Extraction Techniques

Seven EFA extraction techniques are available in SAS. These methods span the range of options commonly used by researchers and include all methods generally available in other common statistical software applications (e.g., SPSS, STATA). Each is further described below.
Principal axes factor (PAF) extraction is a variation of PCA. This method replaces the diagonal elements of the matrix of associations (e.g., correlation or covariance matrix) with the initial communality estimates, or initial estimates of the shared variance. In PCA this substitution does not occur, effectively permitting PCA to estimate components using all of the variance and not just the shared variance, When this substation occurs, it acknowledges the realistic expectation of imperfect measurement and instead uses only the shared variance in the estimation. The final set of factors and communality coefficients are estimated from the revised matrix of associations.
Iterated principal axes factor extraction is identical to PAF, except that an iterative estimation process is used. Each successive estimate of the communality coefficients is used to replace the diagonal of the matrix of associations. The process is repeated iteratively until the communality coefficients stabilizes—or changes less than a predetermined threshold. This extraction technique tends to be favored when multivariate normality of the variables is not a tenable assumption (Fabrigar, Wegener, MacCallum, & Strahan, 1999).
Alpha extraction seeks to maximize the Cronbach’s coefficient alpha estimate of the reliability of a factor. The difference between alpha extraction and other extraction techniques is the goal of the generalization. Maximum likelihood and other similar extraction techniques seek to generalize from a sample to a population of individuals, whereas alpha extraction seeks to generalize to a population of measures. One downside to alpha extraction is that these properties are lost when rotation is used (Nunnally & Bernstein, 1994), applying only to the initial rotation. As we will see in the section on rotation, unrotated results are often not easily interpreted, and this extraction technique is potentially confusing to researchers, who might think they are getting something they are not— if they rotate the results of the alpha extraction.
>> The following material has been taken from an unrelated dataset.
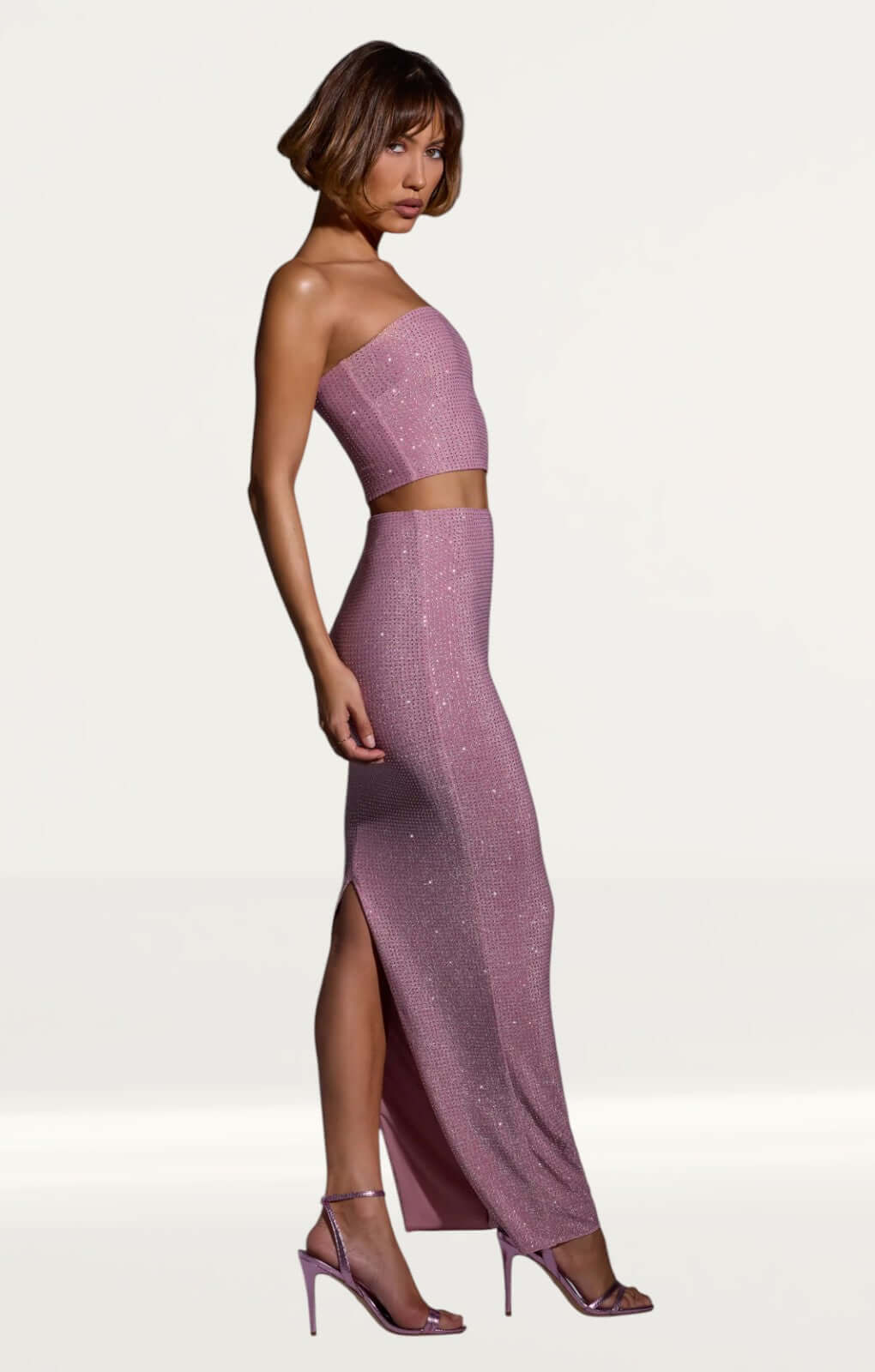 Oh Polly Melisande Embellished Mid Rise Gown Skirt in Light Pink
Maximum likelihood (ML) extraction [4] is another iterative process (used in logistic regression, confirmatory factor analysis, structural equation modeling, etc.) that seeks to extract factors and parameters that optimally reproduce the population correlation (or covariance) matrix. It starts with an assumption that individual variables are normally distributed (leading to multivariate normal distributions with residuals normally distributed around 0). If a certain number of factors are extracted to account for interrelationships between the observed variables, then that information can be used to reconstruct a reproduced correlation matrix. The parameters chosen are tweaked iteratively in order to maximize the likelihood of reproducing the population correlation matrix —or to minimize the difference between the reproduced and population matrices. This technique is particularly sensitive to quirks in the data, particularly in “small” samples, so if the assumptions of normality are not tenable, this is probably not a good extraction technique (Fabrigar et al., 1999; Nunnally & Bernstein, 1994).
Unweighted least squares (ULS) extraction uses a variation on the process of maximum likelihood extraction. It does not make any assumptions about normality and seeks to minimize the error, operationalized as the sum of squared residuals. Between the observed and reproduced correlation (or covariance) matrices, ULS is said to be more robust to non-normal data (as we will see in the third example to come; Nunnally & Bernstein, 1994).
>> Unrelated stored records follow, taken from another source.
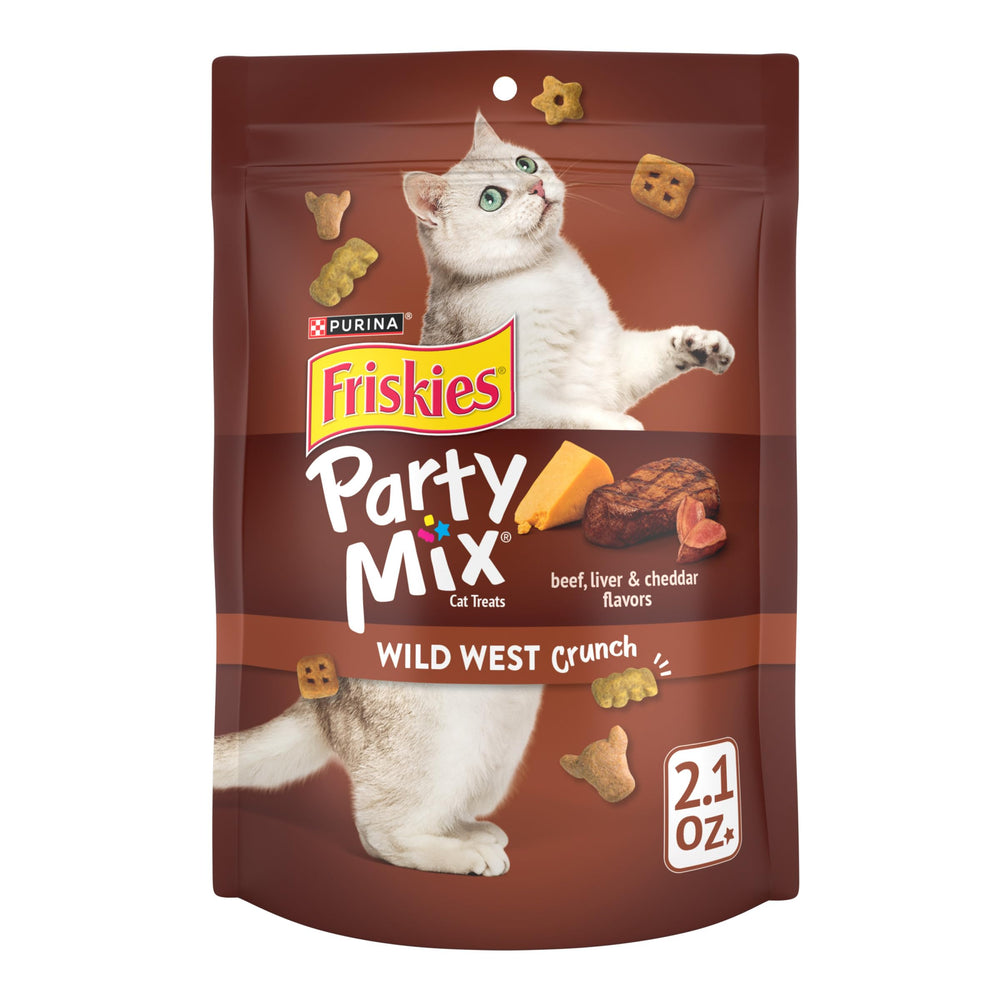 Friskies Purina Party Mix Wild West Crunch — bouchées tri-saveurs Boeuf-Foie-Cheddar, récompense savoureuse.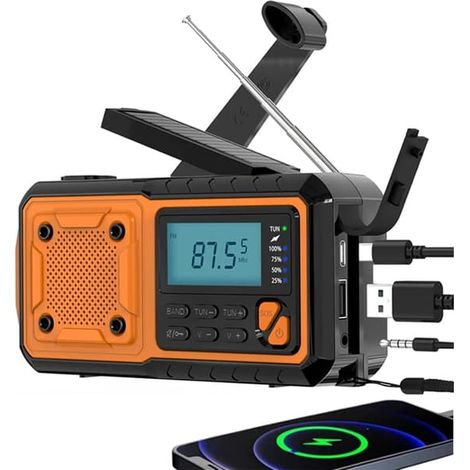 Filiyano – lampe torche – Radio à manivelle avec batterie externe 4000 MAH – Radio d'urgence AM/FM/SW avec lampe torche, lampe de lecture et SOS (1/5)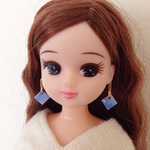 タイル風ピアス（水色.小）リカちゃん用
Image extraction and Harris extraction are two methods based on the image factor model, as opposed to the common factor model or the component model (Cattell, 1978, p 403). These methods use a non-iterative process to estimate shared variance (known as the image) and unique variance (known as the anti-image) based on lower-bound estimates of variance produced through multiple regression (Cattell, 1978; Harman, 1967). The image extraction method in SAS corresponds with Guttman’s (1953) version (as opposed to Jöreskog's 1969 version) and the Harris extraction corresponds with Harris’s (1962) Rao-Guttman method. These methods are not very common and will not be discussed any further in the current chapter.
Each of the techniques described above are specified on the METHOD option in the FACTOR procedure. The different extraction methods summarized above can be requested using the following keywords.[5]
method = 
   PRINCIPAL /*PAF extraction*/
   PRINIT /*Iterated PAF extraction*/
   ALPHA /*Alpha extraction*/
   ML /*ML extraction*/
   ULS /*ULS extraction*/
   IMAGE /*Image extraction&/
   HARRIS /*Harris extraction*/
Please note, the PAF and iterated PAF techniques also require the PRIOR S = SMC option (specifying use of the squared multiple correlation matrix for estimation of the initial communalities, as demonstrated in the sample syntax above). If this option is not specified, a PCA will be conducted.